**Your objective:** In the data below, find the line containing "Toniiq 1500mg Ultra", then set down that line and every later line up to and including the line containing "Батут DFC Trampoline", exactly.
##### Records shown
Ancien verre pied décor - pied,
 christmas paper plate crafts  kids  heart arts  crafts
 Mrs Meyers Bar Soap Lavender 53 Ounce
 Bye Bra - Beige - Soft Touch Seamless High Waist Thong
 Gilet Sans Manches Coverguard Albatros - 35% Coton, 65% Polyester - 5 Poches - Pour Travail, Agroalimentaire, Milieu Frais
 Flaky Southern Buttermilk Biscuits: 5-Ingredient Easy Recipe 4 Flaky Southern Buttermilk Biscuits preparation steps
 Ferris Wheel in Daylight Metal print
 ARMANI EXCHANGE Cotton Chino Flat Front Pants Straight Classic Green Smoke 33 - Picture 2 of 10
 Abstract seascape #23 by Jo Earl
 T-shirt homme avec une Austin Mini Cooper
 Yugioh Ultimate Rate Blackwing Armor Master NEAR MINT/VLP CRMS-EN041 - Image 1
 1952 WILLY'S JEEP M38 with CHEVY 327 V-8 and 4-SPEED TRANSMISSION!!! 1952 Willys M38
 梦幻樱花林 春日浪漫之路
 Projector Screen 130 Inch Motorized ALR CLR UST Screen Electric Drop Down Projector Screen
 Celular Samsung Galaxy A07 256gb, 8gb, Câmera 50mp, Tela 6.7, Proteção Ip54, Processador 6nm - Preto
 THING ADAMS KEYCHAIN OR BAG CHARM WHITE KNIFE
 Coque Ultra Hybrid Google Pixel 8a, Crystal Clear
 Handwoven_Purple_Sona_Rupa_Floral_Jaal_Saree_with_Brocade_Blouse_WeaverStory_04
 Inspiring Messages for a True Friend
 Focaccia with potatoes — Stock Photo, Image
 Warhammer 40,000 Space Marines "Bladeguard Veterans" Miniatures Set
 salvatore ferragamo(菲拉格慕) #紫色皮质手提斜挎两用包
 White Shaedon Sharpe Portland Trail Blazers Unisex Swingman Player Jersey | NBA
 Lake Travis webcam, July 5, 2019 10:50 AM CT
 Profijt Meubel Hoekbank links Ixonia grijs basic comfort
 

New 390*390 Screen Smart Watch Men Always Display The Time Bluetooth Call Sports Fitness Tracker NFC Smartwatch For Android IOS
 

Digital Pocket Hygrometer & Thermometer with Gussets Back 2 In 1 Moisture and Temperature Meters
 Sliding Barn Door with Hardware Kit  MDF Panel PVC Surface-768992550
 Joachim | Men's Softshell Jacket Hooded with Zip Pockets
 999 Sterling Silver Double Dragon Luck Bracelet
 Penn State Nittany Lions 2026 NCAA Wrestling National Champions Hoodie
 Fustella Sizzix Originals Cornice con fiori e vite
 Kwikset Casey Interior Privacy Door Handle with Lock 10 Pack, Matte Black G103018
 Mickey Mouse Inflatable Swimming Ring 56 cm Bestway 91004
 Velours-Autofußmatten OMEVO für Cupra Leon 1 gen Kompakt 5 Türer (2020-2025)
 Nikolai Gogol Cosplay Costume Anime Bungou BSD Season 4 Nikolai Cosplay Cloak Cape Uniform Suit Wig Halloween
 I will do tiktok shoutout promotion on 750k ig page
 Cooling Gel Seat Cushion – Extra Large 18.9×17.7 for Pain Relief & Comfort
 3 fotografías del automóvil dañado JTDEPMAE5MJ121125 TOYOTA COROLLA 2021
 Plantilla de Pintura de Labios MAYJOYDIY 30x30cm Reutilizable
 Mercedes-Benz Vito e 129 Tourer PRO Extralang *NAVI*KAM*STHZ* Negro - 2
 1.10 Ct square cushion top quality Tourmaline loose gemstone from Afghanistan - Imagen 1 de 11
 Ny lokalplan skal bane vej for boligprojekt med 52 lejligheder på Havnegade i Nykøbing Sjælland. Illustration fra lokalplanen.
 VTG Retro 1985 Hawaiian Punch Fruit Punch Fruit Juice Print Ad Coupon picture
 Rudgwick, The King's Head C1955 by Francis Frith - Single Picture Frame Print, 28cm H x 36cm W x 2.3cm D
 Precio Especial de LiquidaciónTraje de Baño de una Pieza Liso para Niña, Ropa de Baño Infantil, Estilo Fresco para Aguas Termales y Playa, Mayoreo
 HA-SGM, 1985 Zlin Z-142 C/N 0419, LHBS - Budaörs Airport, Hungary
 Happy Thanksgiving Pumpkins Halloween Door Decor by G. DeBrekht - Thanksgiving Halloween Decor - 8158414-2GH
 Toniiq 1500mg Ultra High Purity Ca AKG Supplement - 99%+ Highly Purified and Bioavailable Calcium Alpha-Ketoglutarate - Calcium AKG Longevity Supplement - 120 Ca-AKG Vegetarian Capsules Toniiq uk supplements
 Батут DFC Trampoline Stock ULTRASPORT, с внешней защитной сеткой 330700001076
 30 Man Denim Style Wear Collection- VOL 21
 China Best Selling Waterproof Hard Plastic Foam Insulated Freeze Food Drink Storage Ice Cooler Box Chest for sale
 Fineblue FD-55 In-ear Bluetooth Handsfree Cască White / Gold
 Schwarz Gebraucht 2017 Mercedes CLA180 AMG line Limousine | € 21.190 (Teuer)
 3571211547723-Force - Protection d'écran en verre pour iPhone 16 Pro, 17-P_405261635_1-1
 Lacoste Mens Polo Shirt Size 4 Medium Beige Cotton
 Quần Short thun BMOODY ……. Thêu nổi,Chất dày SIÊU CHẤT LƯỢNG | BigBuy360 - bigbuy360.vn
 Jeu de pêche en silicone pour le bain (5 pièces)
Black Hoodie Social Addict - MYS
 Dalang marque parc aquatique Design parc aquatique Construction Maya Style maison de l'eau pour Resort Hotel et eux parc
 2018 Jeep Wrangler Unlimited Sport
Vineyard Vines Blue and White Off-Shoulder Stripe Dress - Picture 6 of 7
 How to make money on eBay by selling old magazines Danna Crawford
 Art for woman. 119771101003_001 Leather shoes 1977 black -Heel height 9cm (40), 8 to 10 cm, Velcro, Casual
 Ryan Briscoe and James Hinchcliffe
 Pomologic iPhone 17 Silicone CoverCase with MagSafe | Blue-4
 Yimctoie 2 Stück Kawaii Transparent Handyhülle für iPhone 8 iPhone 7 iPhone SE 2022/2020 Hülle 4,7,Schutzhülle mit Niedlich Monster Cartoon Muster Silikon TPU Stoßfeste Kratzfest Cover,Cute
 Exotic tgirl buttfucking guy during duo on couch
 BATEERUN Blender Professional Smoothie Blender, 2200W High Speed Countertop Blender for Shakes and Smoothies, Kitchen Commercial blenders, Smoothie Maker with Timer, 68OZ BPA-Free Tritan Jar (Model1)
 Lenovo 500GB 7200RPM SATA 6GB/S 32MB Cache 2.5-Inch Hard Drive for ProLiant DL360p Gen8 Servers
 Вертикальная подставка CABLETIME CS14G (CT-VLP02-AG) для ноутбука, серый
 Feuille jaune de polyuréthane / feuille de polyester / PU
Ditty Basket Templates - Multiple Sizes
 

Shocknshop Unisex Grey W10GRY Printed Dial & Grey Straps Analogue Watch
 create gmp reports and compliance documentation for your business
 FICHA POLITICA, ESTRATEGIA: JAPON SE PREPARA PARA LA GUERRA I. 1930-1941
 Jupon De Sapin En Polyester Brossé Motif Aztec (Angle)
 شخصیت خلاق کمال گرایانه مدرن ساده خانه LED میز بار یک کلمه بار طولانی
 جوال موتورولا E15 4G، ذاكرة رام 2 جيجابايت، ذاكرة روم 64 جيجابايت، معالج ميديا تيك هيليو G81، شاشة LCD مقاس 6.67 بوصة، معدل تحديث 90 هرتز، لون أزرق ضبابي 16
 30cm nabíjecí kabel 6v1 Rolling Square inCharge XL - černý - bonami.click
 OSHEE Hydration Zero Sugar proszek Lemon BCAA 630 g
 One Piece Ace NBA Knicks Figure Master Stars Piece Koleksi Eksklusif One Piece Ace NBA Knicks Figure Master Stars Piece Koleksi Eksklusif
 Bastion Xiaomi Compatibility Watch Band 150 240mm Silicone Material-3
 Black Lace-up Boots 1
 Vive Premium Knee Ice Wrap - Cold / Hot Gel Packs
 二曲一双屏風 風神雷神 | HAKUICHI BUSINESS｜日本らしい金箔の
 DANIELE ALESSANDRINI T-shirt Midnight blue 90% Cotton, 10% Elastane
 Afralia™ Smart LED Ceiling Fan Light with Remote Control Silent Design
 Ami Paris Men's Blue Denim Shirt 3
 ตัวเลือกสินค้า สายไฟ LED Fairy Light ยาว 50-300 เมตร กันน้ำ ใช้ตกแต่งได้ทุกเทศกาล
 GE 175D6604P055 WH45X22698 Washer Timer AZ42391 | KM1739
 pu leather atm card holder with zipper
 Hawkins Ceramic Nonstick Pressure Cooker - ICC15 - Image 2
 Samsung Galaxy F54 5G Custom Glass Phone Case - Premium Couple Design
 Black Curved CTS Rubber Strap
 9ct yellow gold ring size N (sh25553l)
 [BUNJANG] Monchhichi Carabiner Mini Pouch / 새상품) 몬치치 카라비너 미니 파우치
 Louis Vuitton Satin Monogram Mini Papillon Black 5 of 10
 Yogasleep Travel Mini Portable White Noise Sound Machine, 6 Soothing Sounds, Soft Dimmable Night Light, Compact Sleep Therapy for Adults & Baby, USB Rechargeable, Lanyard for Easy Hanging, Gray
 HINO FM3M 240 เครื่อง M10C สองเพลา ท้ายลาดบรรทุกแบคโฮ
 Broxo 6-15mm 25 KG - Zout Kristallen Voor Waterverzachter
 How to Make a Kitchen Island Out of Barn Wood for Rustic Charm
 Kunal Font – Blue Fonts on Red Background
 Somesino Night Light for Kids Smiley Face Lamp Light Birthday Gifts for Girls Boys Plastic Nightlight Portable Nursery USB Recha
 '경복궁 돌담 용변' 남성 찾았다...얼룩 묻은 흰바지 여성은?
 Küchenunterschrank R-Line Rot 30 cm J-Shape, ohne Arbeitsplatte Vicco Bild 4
##########
**Solution for this task:**
 Toniiq 1500mg Ultra High Purity Ca AKG Supplement - 99%+ Highly Purified and Bioavailable Calcium Alpha-Ketoglutarate - Calcium AKG Longevity Supplement - 120 Ca-AKG Vegetarian Capsules Toniiq uk supplements
 Батут DFC Trampoline Stock ULTRASPORT, с внешней защитной сеткой 330700001076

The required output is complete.